[Paper Review] ES-MemEval: Benchmarking Conversational Agents on Personalized Long-Term Emotional Support
This paper introduces ES-MemEval, a benchmark for evaluating long-term memory in personalized emotional-support dialogues, plus EvoEmo, a multi-session dataset; it analyzes open-source, commercial, and retrieval-augmented LLMs across QA, summarization, and dialogue generation tasks.
Large Language Models (LLMs) have shown strong potential as conversational agents. Yet, their effectiveness remains limited by deficiencies in robust long-term memory, particularly in complex, long-term web-based services such as online emotional support. However, existing long-term dialogue benchmarks primarily focus on static and explicit fact retrieval, failing to evaluate agents in critical scenarios where user information is dispersed, implicit, and continuously evolving. To address this gap, we introduce ES-MemEval, a comprehensive benchmark that systematically evaluates five core memory capabilities: information extraction, temporal reasoning, conflict detection, abstention, and user modeling, in long-term emotional support settings, covering question answering, summarization, and dialogue generation tasks. To support the benchmark, we also propose EvoEmo, a multi-session dataset for personalized long-term emotional support that captures fragmented, implicit user disclosures and evolving user states. Extensive experiments on open-source long-context, commercial, and retrieval-augmented (RAG) LLMs show that explicit long-term memory is essential for reducing hallucinations and enabling effective personalization. At the same time, RAG improves factual consistency but struggles with temporal dynamics and evolving user states. These findings highlight both the potential and limitations of current paradigms and motivate more robust integration of memory and retrieval for long-term personalized dialogue systems.
Motivation & Objective
- Motivate the need for robust long-term memory in emotional-support agents beyond static retrieval.
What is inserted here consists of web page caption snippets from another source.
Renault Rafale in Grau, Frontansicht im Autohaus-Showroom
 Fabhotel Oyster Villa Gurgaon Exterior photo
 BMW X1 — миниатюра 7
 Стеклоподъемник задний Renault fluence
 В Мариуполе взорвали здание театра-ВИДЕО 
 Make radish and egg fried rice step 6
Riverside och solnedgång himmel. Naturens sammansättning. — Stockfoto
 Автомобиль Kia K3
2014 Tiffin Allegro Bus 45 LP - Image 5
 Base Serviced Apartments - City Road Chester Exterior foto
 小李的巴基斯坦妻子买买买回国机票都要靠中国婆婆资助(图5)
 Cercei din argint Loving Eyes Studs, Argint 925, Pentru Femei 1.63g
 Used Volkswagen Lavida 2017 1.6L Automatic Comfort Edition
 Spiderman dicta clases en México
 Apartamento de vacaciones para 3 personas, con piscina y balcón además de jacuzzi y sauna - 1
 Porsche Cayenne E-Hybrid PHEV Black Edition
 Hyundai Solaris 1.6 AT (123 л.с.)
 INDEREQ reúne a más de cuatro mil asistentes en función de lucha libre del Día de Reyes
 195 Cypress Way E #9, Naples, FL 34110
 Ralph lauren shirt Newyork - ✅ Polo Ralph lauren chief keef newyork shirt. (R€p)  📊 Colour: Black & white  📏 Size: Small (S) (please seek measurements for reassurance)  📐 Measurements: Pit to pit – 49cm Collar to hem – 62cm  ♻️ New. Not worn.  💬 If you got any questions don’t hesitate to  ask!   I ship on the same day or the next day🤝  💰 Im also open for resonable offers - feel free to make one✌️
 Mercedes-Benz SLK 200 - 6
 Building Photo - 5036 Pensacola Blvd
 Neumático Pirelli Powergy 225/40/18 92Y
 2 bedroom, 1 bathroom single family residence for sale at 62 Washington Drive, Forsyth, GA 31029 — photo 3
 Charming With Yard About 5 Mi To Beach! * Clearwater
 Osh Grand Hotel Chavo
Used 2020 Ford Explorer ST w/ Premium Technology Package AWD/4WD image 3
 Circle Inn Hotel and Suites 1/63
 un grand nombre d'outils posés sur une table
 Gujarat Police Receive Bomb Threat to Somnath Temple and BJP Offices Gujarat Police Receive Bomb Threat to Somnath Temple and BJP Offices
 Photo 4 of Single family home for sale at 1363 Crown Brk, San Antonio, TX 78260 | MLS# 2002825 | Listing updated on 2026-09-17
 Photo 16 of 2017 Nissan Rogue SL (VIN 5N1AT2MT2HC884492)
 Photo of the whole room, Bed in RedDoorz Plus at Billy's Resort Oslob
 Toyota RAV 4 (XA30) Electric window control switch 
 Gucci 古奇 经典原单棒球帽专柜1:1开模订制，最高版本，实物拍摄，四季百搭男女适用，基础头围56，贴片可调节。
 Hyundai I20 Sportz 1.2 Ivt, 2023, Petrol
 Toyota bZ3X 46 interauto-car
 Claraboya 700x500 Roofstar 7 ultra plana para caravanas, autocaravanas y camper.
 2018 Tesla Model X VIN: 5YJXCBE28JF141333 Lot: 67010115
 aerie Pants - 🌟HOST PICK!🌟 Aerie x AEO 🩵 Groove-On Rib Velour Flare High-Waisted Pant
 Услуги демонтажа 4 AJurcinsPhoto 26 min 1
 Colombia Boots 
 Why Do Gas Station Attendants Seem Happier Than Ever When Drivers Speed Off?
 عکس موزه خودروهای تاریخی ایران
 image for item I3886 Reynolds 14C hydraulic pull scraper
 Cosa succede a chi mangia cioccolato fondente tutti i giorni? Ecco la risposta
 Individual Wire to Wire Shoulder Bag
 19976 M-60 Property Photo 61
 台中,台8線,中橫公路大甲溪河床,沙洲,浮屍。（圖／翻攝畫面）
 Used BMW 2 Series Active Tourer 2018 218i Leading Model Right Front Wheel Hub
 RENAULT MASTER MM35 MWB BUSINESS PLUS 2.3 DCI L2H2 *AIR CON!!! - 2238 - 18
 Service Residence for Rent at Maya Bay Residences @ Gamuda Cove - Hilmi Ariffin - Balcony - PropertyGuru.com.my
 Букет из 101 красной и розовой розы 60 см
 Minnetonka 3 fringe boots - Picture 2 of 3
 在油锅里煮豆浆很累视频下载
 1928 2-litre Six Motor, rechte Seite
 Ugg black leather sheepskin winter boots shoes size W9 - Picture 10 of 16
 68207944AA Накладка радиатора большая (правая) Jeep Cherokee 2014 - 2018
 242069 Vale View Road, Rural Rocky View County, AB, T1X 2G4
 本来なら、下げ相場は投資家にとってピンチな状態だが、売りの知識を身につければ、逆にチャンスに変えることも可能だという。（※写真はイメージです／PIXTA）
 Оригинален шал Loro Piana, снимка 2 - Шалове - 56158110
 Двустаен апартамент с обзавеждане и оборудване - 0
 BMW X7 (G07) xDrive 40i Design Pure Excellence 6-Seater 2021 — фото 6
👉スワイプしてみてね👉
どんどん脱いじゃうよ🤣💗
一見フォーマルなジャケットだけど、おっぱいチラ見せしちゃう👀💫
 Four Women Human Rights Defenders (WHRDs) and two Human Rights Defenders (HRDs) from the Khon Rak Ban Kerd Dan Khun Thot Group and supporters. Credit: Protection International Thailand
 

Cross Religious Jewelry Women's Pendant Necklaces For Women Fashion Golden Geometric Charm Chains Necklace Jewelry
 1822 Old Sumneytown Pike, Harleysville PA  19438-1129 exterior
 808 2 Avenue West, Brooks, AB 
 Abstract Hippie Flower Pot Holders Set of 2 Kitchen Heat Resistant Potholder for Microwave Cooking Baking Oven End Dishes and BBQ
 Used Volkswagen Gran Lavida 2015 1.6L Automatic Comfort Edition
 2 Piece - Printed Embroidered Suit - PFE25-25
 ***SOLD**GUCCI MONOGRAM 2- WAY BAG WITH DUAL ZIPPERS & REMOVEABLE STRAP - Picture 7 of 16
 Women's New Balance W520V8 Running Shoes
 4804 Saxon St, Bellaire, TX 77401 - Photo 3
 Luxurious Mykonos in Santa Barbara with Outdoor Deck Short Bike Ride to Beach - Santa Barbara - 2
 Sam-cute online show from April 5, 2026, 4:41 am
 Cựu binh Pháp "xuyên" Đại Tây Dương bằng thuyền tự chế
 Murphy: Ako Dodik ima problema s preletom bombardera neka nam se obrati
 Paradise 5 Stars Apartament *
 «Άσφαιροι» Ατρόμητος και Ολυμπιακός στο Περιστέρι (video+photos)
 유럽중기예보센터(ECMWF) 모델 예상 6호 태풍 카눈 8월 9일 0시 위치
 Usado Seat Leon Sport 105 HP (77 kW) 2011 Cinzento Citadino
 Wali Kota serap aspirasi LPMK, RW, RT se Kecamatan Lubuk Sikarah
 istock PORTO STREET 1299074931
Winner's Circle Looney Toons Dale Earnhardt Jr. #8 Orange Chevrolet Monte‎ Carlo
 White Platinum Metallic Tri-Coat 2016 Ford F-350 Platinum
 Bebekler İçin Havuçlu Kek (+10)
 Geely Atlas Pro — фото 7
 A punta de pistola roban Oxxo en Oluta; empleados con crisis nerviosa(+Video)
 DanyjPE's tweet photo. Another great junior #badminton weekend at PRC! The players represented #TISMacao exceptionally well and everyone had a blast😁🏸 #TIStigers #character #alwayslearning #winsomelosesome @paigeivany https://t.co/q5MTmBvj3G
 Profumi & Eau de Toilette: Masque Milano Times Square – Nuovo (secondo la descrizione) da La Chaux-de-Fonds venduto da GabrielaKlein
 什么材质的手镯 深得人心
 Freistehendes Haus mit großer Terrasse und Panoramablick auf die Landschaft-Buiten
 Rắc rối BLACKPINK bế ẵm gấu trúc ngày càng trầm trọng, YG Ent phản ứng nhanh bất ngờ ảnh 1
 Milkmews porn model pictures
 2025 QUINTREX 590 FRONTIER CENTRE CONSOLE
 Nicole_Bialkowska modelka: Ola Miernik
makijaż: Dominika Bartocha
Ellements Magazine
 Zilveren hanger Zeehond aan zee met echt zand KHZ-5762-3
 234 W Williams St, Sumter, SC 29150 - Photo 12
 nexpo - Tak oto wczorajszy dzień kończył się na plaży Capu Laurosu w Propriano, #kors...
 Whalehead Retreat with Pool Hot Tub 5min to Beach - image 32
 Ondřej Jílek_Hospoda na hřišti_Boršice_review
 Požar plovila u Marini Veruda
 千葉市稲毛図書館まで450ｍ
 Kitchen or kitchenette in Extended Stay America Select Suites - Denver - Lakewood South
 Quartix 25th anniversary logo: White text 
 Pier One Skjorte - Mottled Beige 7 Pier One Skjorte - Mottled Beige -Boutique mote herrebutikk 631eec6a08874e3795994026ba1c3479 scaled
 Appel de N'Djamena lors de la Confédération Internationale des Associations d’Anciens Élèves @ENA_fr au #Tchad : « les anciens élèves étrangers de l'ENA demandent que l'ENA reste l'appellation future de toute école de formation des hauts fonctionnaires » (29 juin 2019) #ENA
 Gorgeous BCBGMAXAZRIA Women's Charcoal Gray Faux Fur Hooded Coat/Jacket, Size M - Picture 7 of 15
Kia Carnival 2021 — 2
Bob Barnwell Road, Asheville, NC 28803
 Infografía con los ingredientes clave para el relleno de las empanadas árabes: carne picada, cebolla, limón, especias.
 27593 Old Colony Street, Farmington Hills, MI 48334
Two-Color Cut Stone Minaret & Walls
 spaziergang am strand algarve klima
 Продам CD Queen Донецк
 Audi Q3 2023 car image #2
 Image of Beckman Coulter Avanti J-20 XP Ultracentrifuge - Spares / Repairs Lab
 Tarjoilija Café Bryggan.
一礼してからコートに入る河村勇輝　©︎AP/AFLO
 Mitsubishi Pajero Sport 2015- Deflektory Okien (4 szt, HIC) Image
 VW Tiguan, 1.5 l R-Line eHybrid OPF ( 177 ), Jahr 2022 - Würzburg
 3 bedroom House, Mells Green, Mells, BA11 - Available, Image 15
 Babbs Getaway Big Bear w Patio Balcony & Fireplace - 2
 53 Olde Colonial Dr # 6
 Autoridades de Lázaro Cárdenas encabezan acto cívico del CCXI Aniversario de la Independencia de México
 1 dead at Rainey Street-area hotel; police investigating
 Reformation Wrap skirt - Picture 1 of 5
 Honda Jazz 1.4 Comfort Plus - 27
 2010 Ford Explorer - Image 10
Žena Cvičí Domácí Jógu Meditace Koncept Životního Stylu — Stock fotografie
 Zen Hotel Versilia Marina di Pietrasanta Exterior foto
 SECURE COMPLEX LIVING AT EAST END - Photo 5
- Define five core memory capabilities (information extraction, temporal reasoning, conflict detection, abstention, user modeling) in long-term ES scenarios.
- Propose ES-MemEval as a three-task benchmark (QA, summarization, dialogue generation) to evaluate memory capabilities.
- Provide EvoEmo as a multi-session dataset capturing evolving user states for personalized long-term ES.
- Offer empirical insights into strengths/limitations of open-source, commercial, and RAG LLMs for long-term personalization.
Proposed method
- Propose three benchmarking tasks (QA, summarization, dialogue generation) to probe five memory abilities.
- Construct EvoEmo by building 18 virtual users with event timelines and multi-session sessions generated via GPT-4o and human validation.
- Evaluate models across open-source long-context, commercial, and retrieval-augmented configurations using standardized metrics (F1, BERTScore, LLM-as-Judge, ROUGE, event-based metrics, and observation-based ratings).
- Use session-level retrieval with a dense retriever (bge-m3) over a FAISS index to supply memory for RAG configurations.
- Analyze retrieval granularity (turn, round, session) and context length effects on QA, summarization, and dialogue generation.

Experimental results
Research questions
- RQ1How well do LLMs maintain and utilize long-term memory across evolving, implicit user disclosures in ES scenarios?
- RQ2What are the relative strengths and weaknesses of open-source, commercial, and retrieval-augmented models for long-term ES tasks?
- RQ3To what extent do memory capabilities (IE, TR, CD, Abs, UM) predict performance in QA, summarization, and dialogue generation?
- RQ4Does retrieval augmentation improve factual consistency and personalization without destabilizing temporal dynamics?
- RQ5What retrieval granularity and context length best support long-term emotional support dialogues?
Key findings
- Explicit long-term memory is essential to reduce hallucinations and enable personalization.
- Retrieval-augmented (RAG) setups improve factual consistency but struggle with temporal dynamics and evolving user states.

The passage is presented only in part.